Stratégies pratiques pour une cohabitation efficiente

Au-delà des considérations théoriques, les acteurs économiques recherchent des solutions concrètes pour faire cohabiter efficacement factoring et subordination dans leurs montages financiers. Cette cohabitation requiert une approche méthodique, fondée sur une analyse préalable approfondie et une structuration rigoureuse des opérations.

La première étape consiste à réaliser un audit complet des créances et des engagements existants avant d’envisager toute opération nouvelle. Cet audit permettra d’identifier les créances déjà soumises à factoring ou à subordination, ainsi que les éventuelles restrictions contractuelles limitant leur mobilisation ou leur hiérarchisation future.

Approche préventive et documentation adaptée

L’anticipation des conflits potentiels constitue la clé d’une articulation réussie. Cette approche préventive se matérialise par la mise en place d’une documentation contractuelle adaptée, élaborée en collaboration avec les différentes parties prenantes. Les contrats de factoring modernes intègrent désormais fréquemment des clauses spécifiques relatives aux créances subordonnées, tandis que les accords de subordination mentionnent explicitement le traitement des créances cédées à un factor.

Plusieurs stratégies pratiques peuvent être déployées pour faciliter cette cohabitation :

  • Segmentation du portefeuille de créances avec identification claire des créances éligibles au factoring
  • Mise en place de comptes séquestres (escrow accounts) pour sécuriser la répartition des paiements
  • Utilisation de conventions de délégation imparfaite pour canaliser les flux financiers
  • Recours à des mécanismes de garantie croisée entre créanciers

Le choix de la technique juridique dépendra largement du contexte spécifique de l’opération, notamment du profil de risque du débiteur, de la nature des créances concernées et des objectifs poursuivis par les différents créanciers.

En pratique, les opérations de LBO (Leveraged Buy-Out) illustrent parfaitement la nécessité d’articuler efficacement factoring et subordination. Dans ces montages, la société cible utilise fréquemment le factoring comme outil de financement opérationnel, tandis que sa structure financière repose sur une dette senior et une dette subordonnée (mezzanine ou junior). La documentation financière de ces opérations intègre généralement des dispositions détaillées sur l’articulation entre ces différents mécanismes.

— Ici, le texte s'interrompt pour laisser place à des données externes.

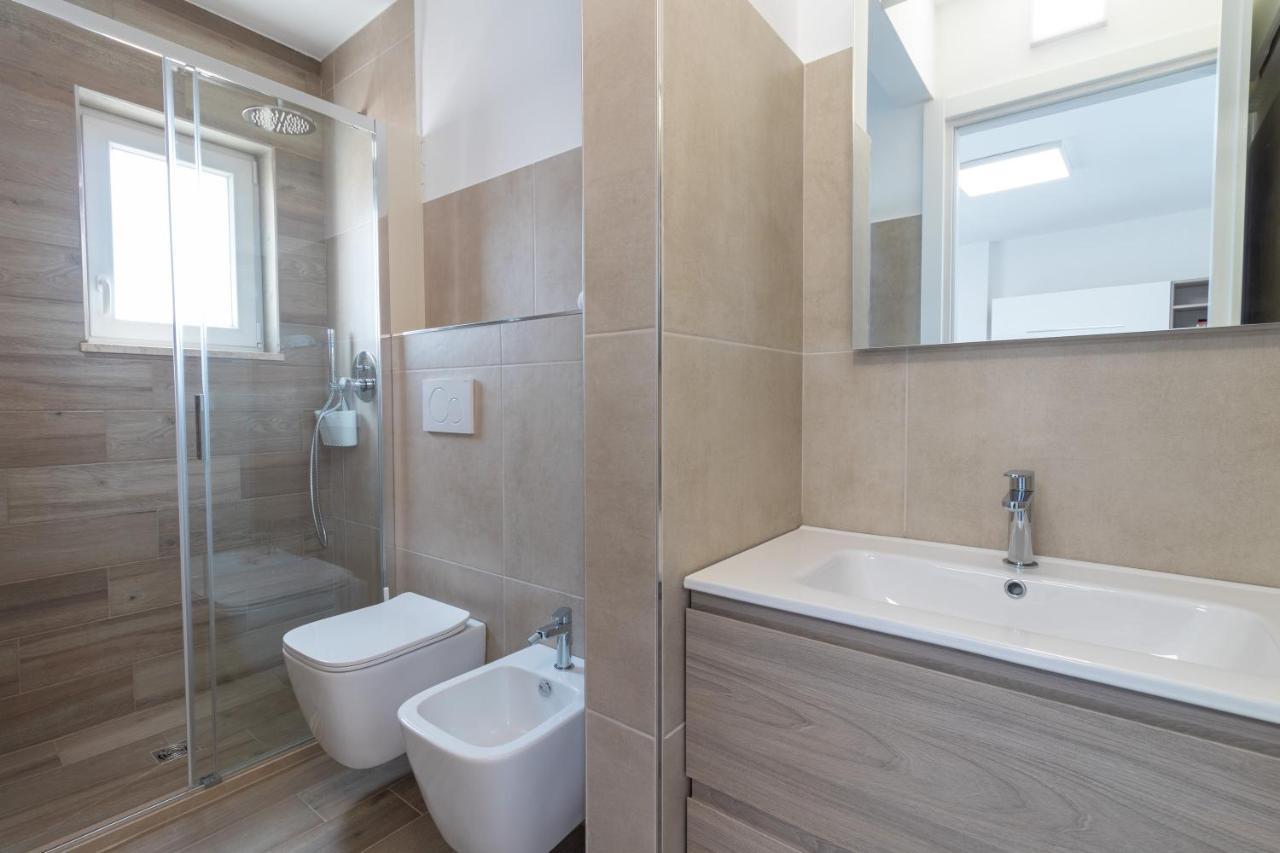 N12 - Luxury Dom wakacyjny Bari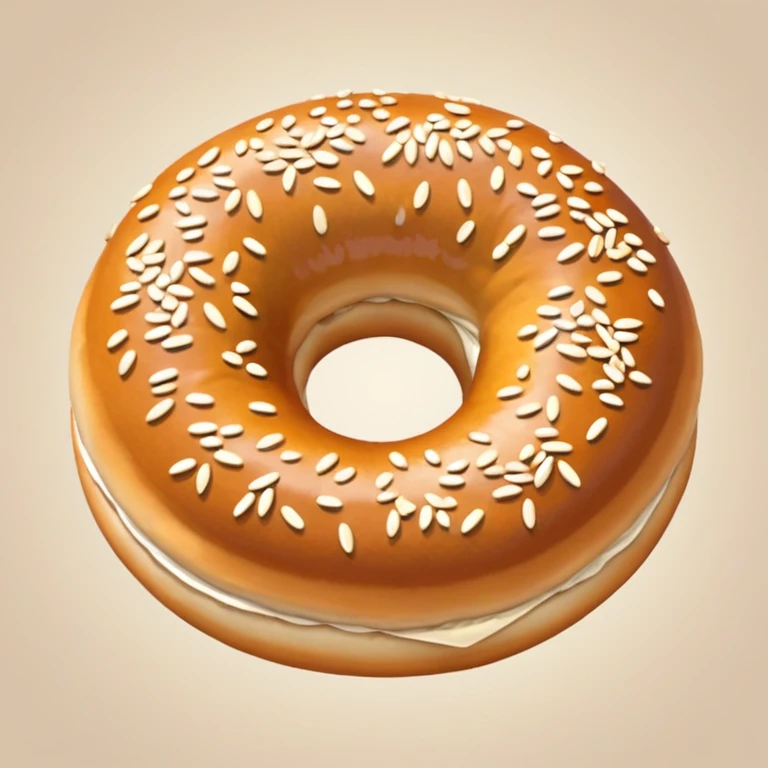 Simit emoji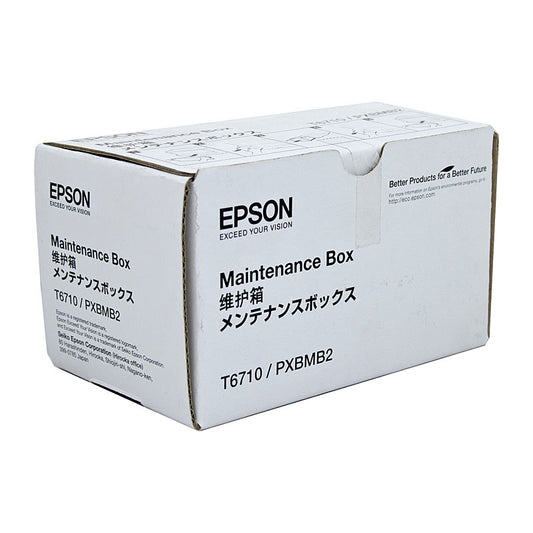 EPSON Maintenance Box WP4530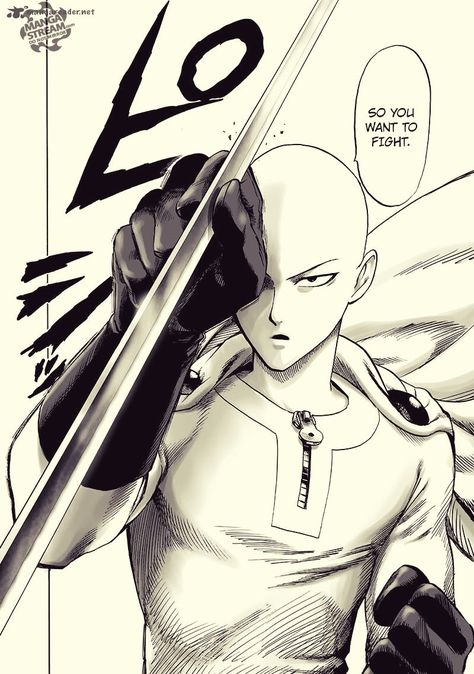 Saitama Vs. Flashy Flash Punch Manga, Caped Baldy, Anime One Punch Man, Saitama One Punch, Saitama One Punch Man, Manga English, One Punch Man Manga, One Punch Man Anime, Manga Story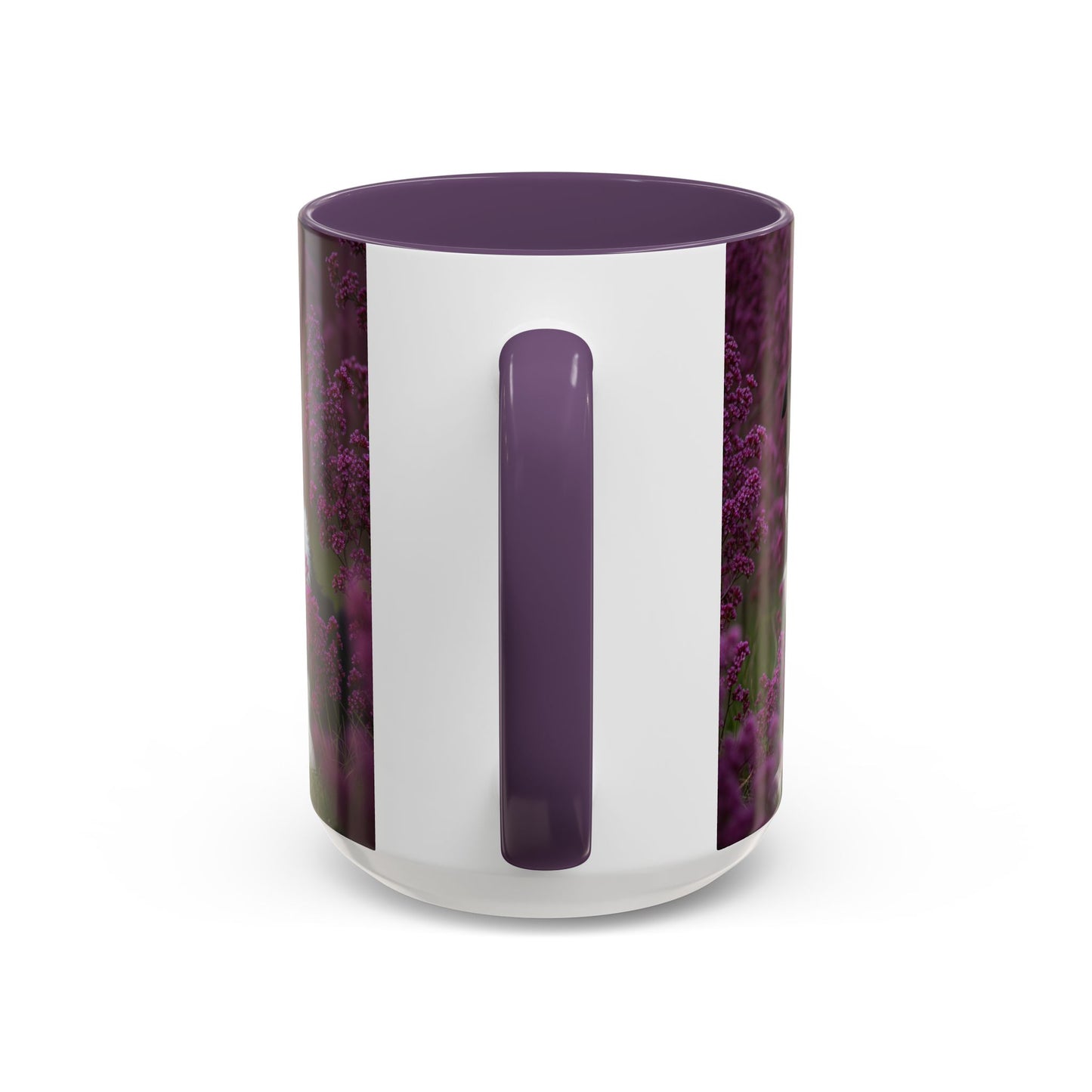 Border Collie Accent Coffee Mug - Perfect Gift for Dog Lovers
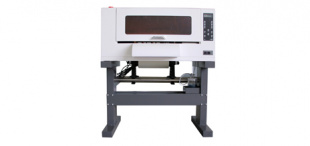 JN-300  DTF текстильный принтер на 30 см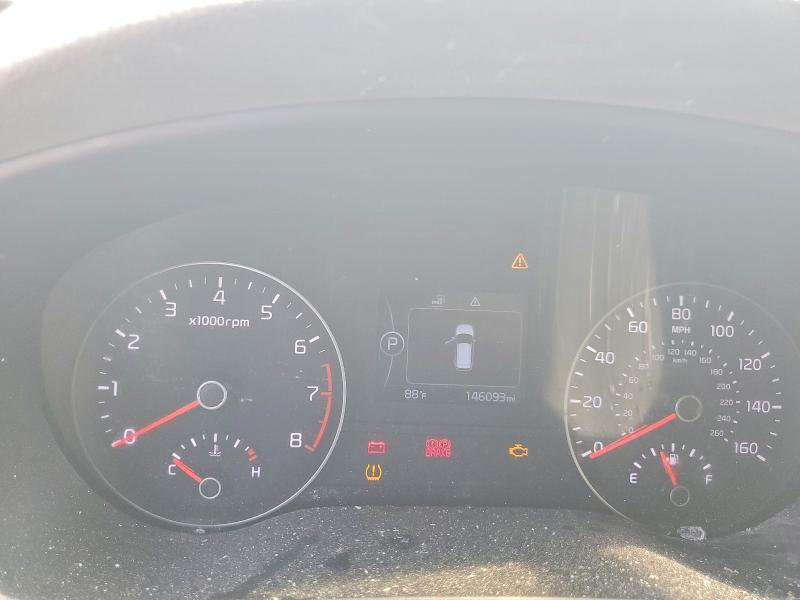 Продаж на аукціоні авто 2017 Kia Sportage, vin: KNDPM3AC5H7211890, номер лоту: 64817346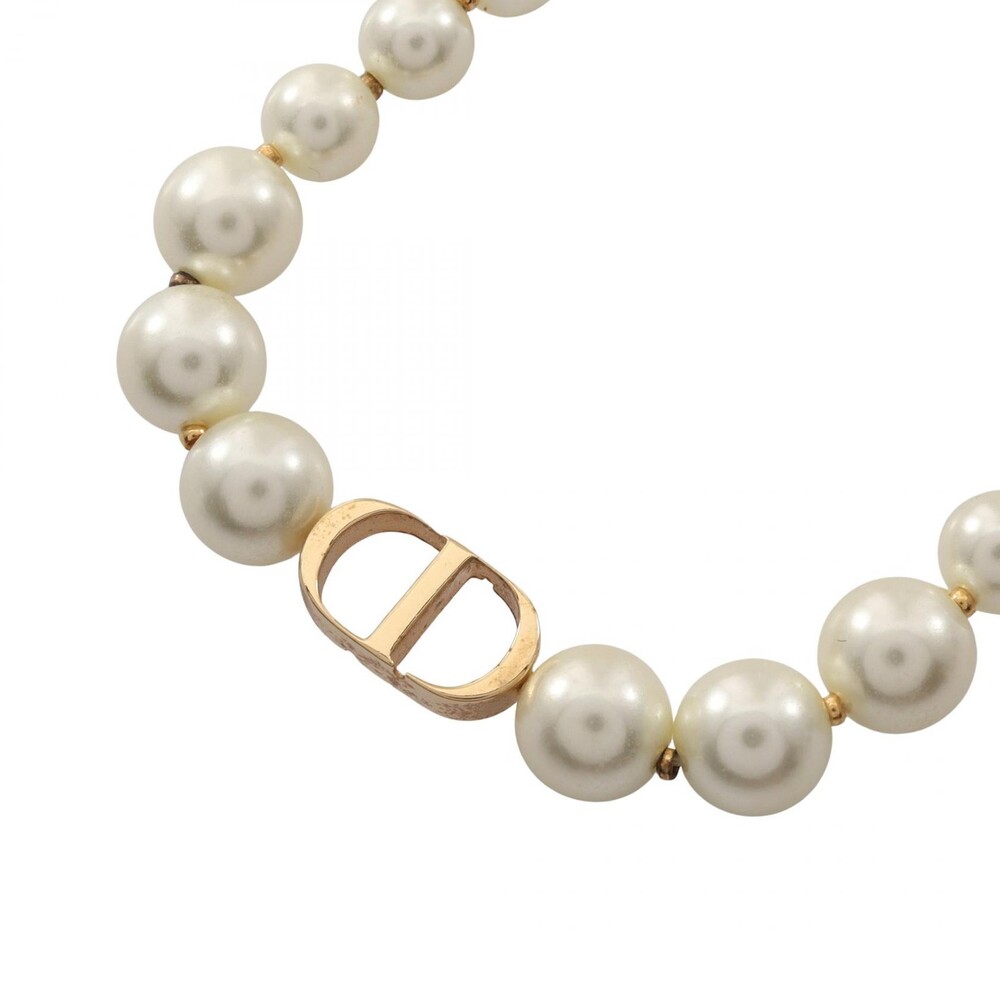 Christian Dior 30 Montaigne Necklace #351971D70B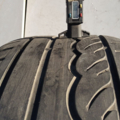 Автошина Dunlop Sp Sport 01 275 /40 R19 101Y Літо 3мм Вживаний
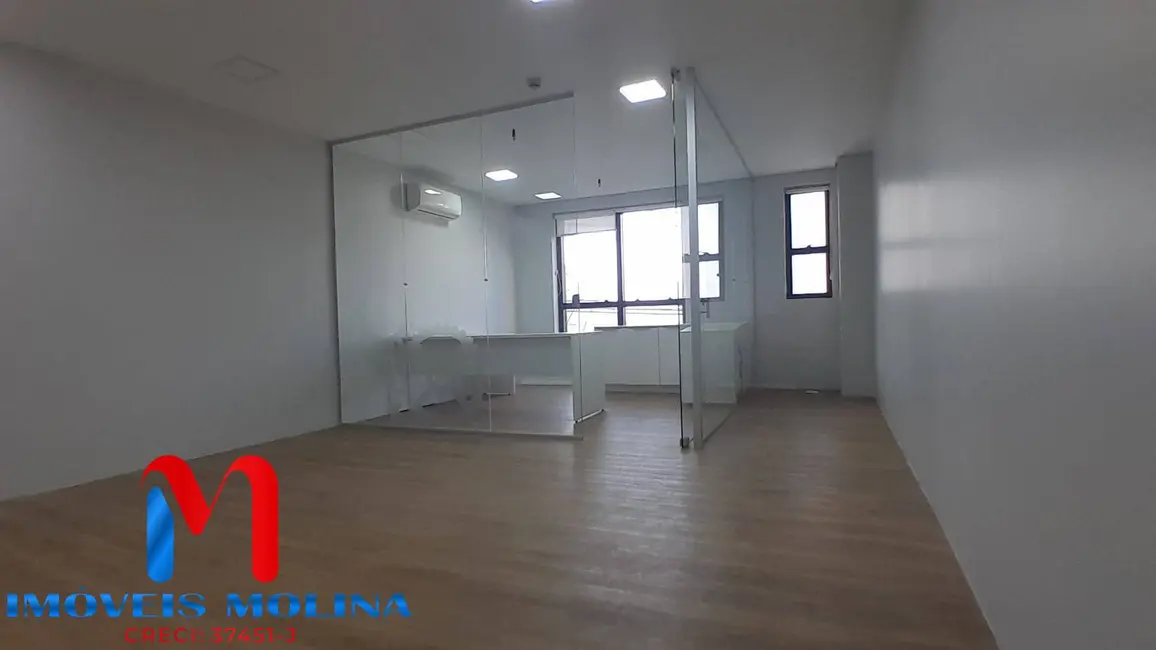Foto 6 de Sala Comercial para alugar, 36m2 em Centro, Sao Caetano Do Sul - SP
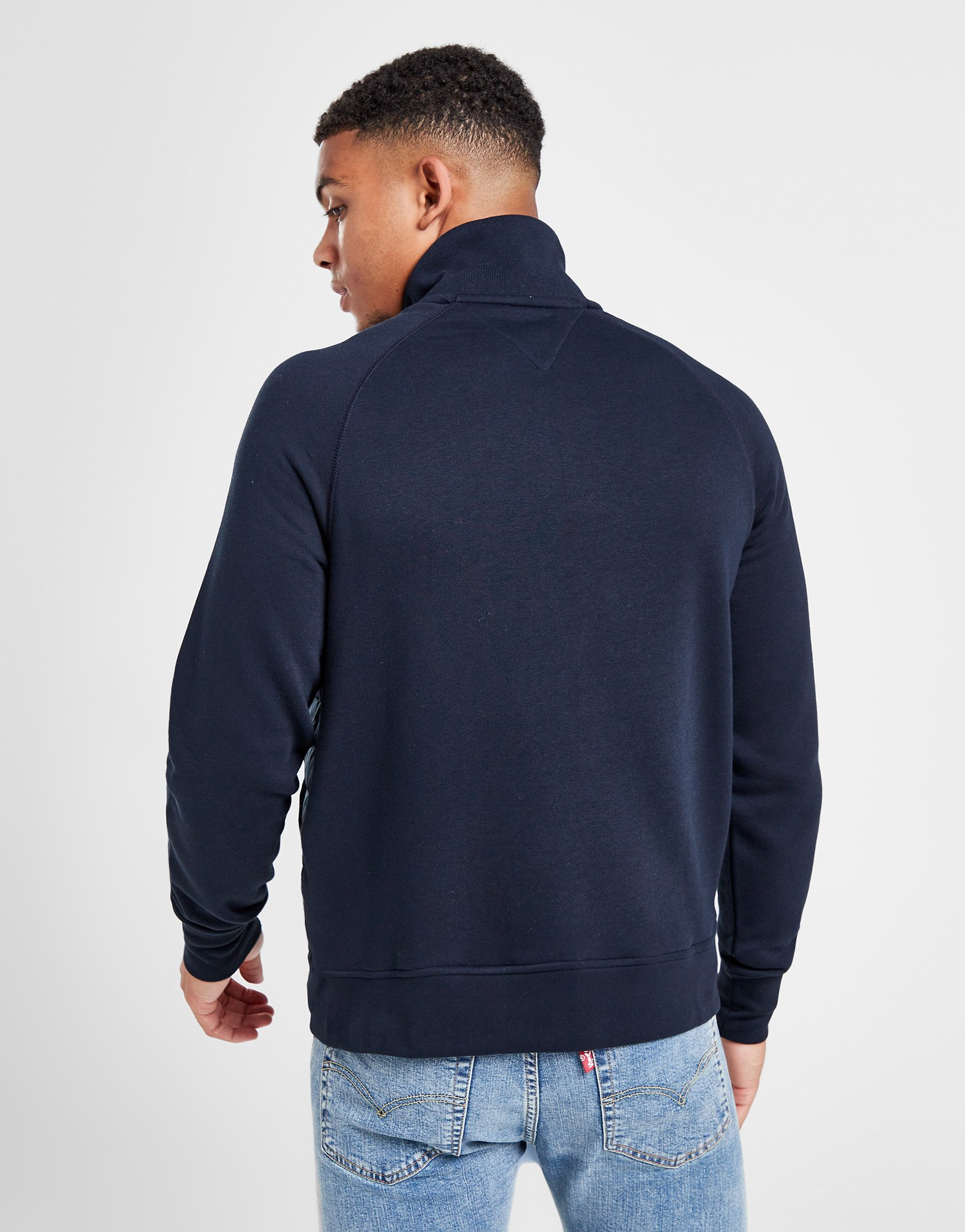 Tommy Hilfiger Veste Baffle Homme
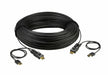 EAN 4719264646133 - ATEN VE7835 cable HDMI HDMI tipo D (Micro) Negro imagen 3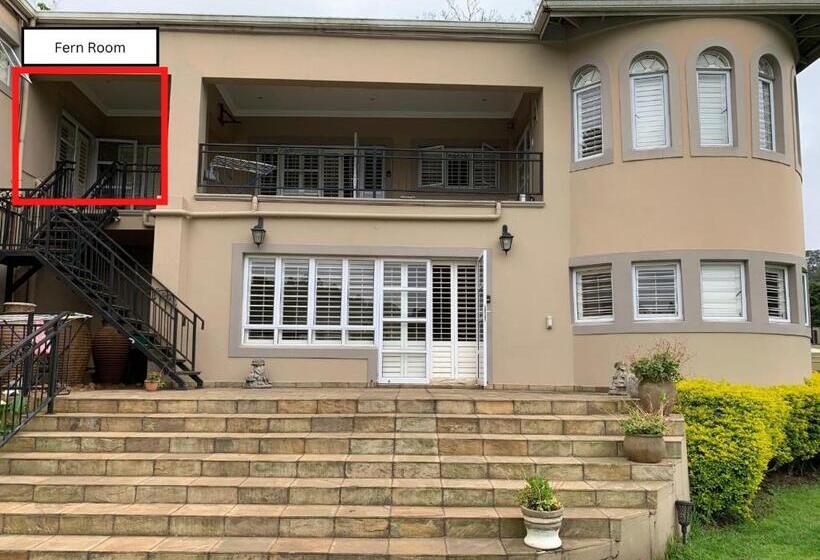 Студио Comfort, Springside House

Les contrats de crédit syndiqué contemporains prévoient également des clauses spécifiques concernant le recours au factoring par l’emprunteur. Ces dispositions, souvent regroupées sous l’appellation « permitted receivables financing« , définissent précisément les conditions dans lesquelles l’emprunteur peut céder ses créances sans contrevenir à ses engagements vis-à-vis des prêteurs seniors et subordonnés.

Pour les PME qui n’ont pas accès à des financements structurés sophistiqués, des solutions plus simples peuvent être mises en œuvre. Par exemple, la limitation du factoring à certaines catégories de créances clairement identifiées, combinée à un accord de subordination portant sur d’autres actifs, peut constituer une approche pragmatique pour bénéficier des avantages de ces deux mécanismes sans générer de conflits juridiques.

L’accompagnement par des conseils spécialisés s’avère souvent déterminant pour structurer efficacement ces opérations. Les cabinets d’avocats spécialisés en droit bancaire et financier et les consultants en ingénierie financière développent une expertise spécifique dans l’articulation de ces mécanismes, permettant d’optimiser leur utilisation tout en minimisant les risques juridiques.

La communication transparente entre les différents créanciers constitue également un facteur clé de succès. L’organisation de réunions périodiques entre le factor et les créanciers subordonnés permet d’échanger des informations sur la situation financière du débiteur et d’anticiper d’éventuelles difficultés. Cette approche collaborative, formalisée dans des protocoles d’information, contribue significativement à prévenir les conflits et à faciliter la résolution des situations problématiques.